O ato de compartilhar a imagem nas redes pode gerar impactos positivos à autoestima desse time. Abraçando esse movimento, a criadora de conteúdo Lelê Martins, também chamada de Blogueira PcD (sigla que se refere a pessoa com deficiência), 25 anos, passou a falar sobre moda e estilo mesmo sem obedecer ao padrão de magreza. “Apesar das críticas que recebo, minha autoestima melhorou muito. Hoje busco mais saúde do que a estética”, afirma a estudante de ciências sociais, vítima de um acidente que levou à amputação da sua perna esquerda. Transcorreu-se um duro processo até assimilar sua nova realidade. “Um dia, a polícia me parou ao confundir minha muleta com uma arma. Isso me fez ver a necessidade de falar nas redes”, frisa Lelê, que virou uma referência para outras mulheres pretas com vivência semelhante.

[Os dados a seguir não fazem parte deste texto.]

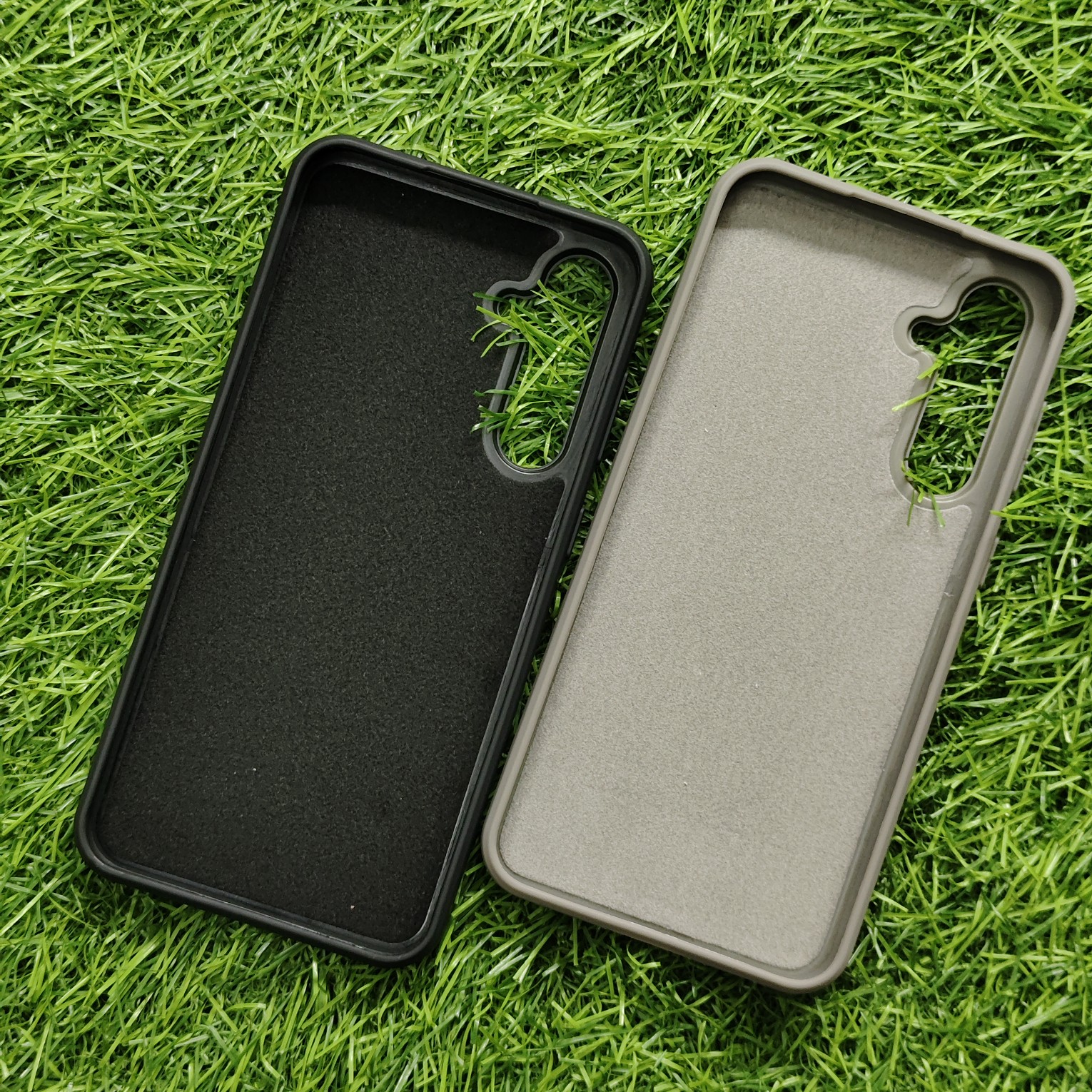 Samsung Galaxy S23 FE Premium Puffer Leather Finish Back Cover With Metal Lion Logo - Image 7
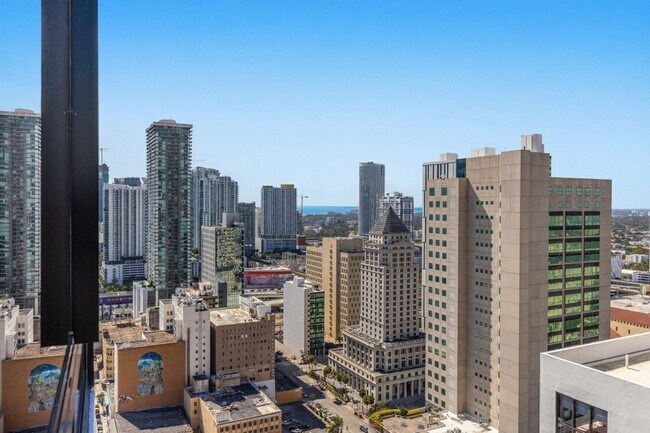 Building Photo - 225 N Miami Ave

Lelê Martins, estudante de ciências sociais
@blogueirapcd
Seguidores: 38 100
Assuntos: moda, autoestima e humor
Um dos desafios de levar a representatividade para o meio virtual, uma vitrine em escala global, é encarar as críticas. Quando começou a gravar vídeos para a internet, o influenciador surdo Alex Bill Júnior, 24 anos, já esperava comentários negativos. Diagnosticado com deficiência auditiva bilateral profunda desde pequeno, Alex usa a leitura labial para compreender os outros. “Muitos comentam sobre minha voz, que ela dá agonia, que eu falo enrolado. Mas já me acostumei”, garante. Se antes de virar um influenciador Alex evitava o contato com outras pessoas, por achar que ninguém o compreendia, nas redes ele conseguiu expandir sua voz e alcançar quase 1 milhão de seguidores no TikTok. “Sou um d-eficiente”, reforça o influenciador, que separou o “d” justamente para chamar a atenção para sua capacidade de ouvir mesmo sem os sons e de erguer sua voz em uma sociedade que ainda caminha a passos curtos — porém esperançosos — rumo à inclusão.